Ongoing product costs Info

  • Avantis® International Small Cap Value ETF 0.36%
  • Avantis® U.S. Small Cap Value ETF 0.25%
  • Invesco S&P International Developed Momentum ETF 0.25%
  • Invesco S&P 500® Momentum ETF 0.13%
  • Vanguard S&P 500 ETF 0.03%
  • Weighted costs total (per year) 0.13%

The blended ongoing cost (Total TER) of about 0.13% per year is impressively low for a portfolio that uses factor‑tilted and international ETFs. TER, or total expense ratio, is like a small annual membership fee charged as a percentage of assets. Lower costs leave more of the return in the investor’s pocket, and over decades even tiny differences compound significantly. Here the broad US index ETF is extremely cheap, and the more specialized funds are reasonably priced for what they offer. The costs are impressively low, supporting better long‑term performance, so there is little pressure to change products purely for fee reasons as long as they continue to match the intended strategy.

Risk vs. return

This chart shows the Efficient Frontier, calculated using your current assets with different allocation combinations. It highlights the best balance between risk and return based on historical data. "Efficient" portfolios maximize returns for a given risk or minimize risk for a given return. Portfolios below the curve are less efficient. This is informational and not a recommendation to buy or sell any assets.

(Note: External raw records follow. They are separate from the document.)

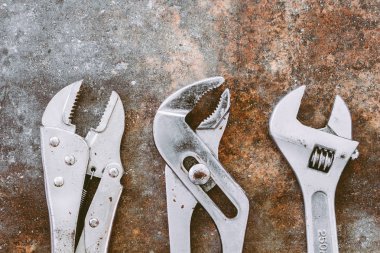 Dizi anahtarı taş zemin üzerine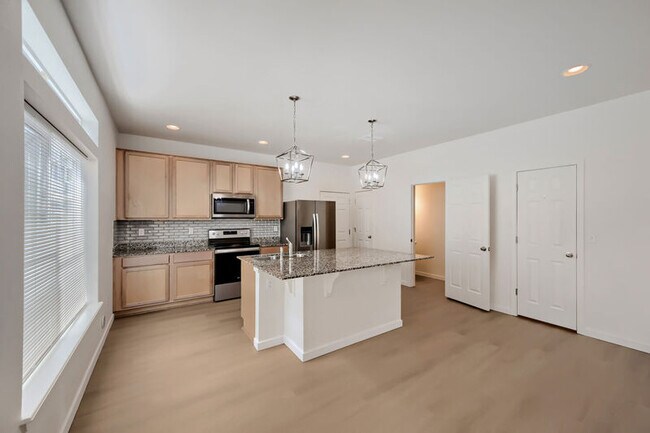 Building Photo - 6463 Crossdrum Point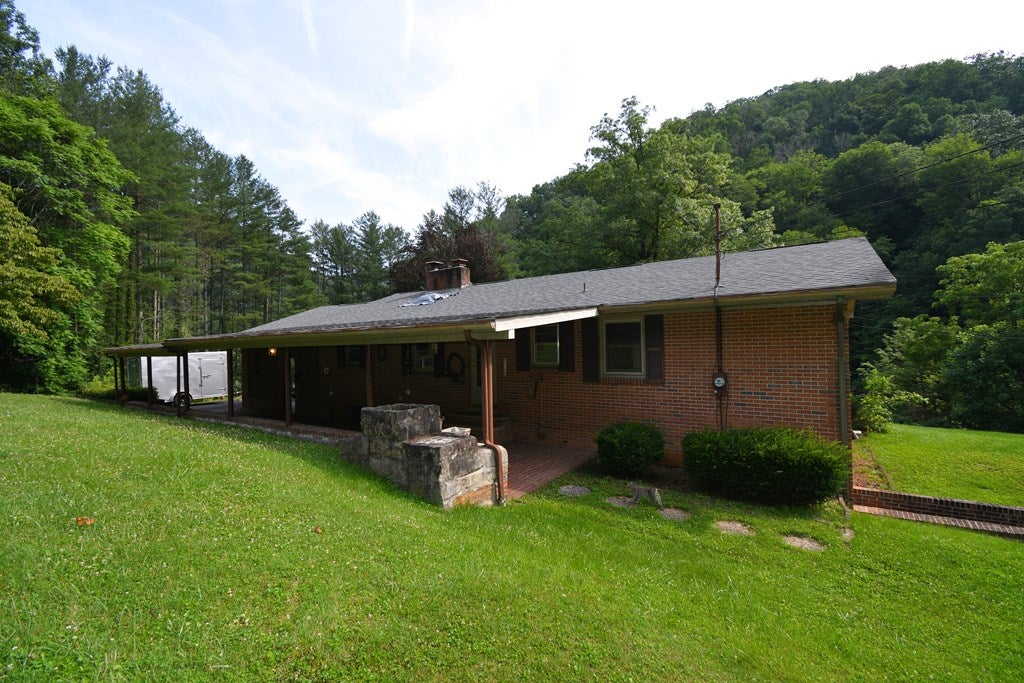 3919 Lovers Gap Road Vansant, VA 24656 - Photo 21 of 24 Gallery Image 21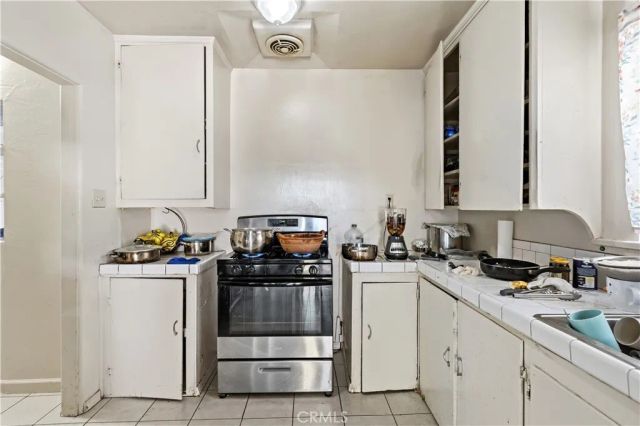 15548 8th, Victorville, CA 92395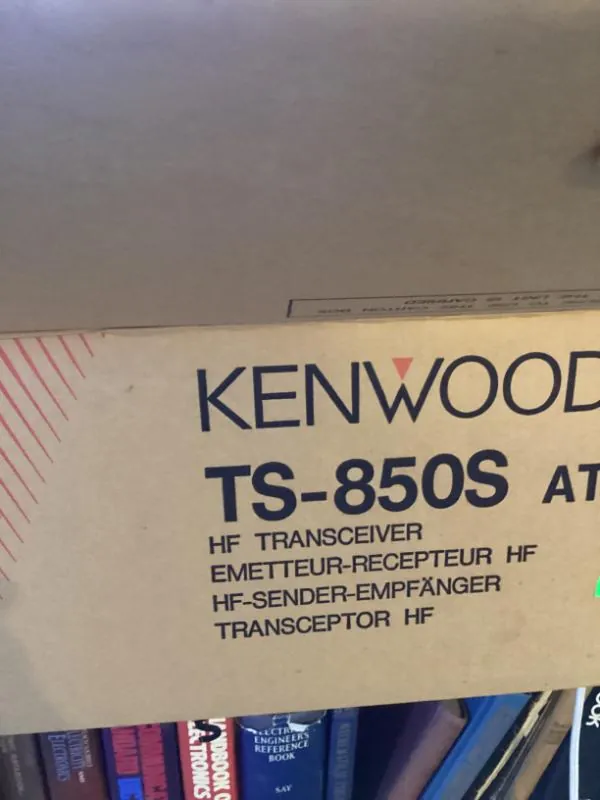 Kenwood TS-850S HF transceiver box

From a risk‑return perspective, this portfolio could likely be placed near the upper area of the Efficient Frontier, which is the set of portfolios that give the best possible return for each risk level using the existing building blocks. Efficiency here refers only to the trade‑off between volatility and expected return, not to diversification, taxes, or personal comfort. Shifting weights among the current ETFs could slightly reduce volatility or enhance expected returns, but any move would still keep it firmly in growth territory because all holdings are equities. Someone using this mix could revisit the balance between the core broad index and the tilts if they want to fine‑tune how aggressive or factor‑heavy the strategy feels.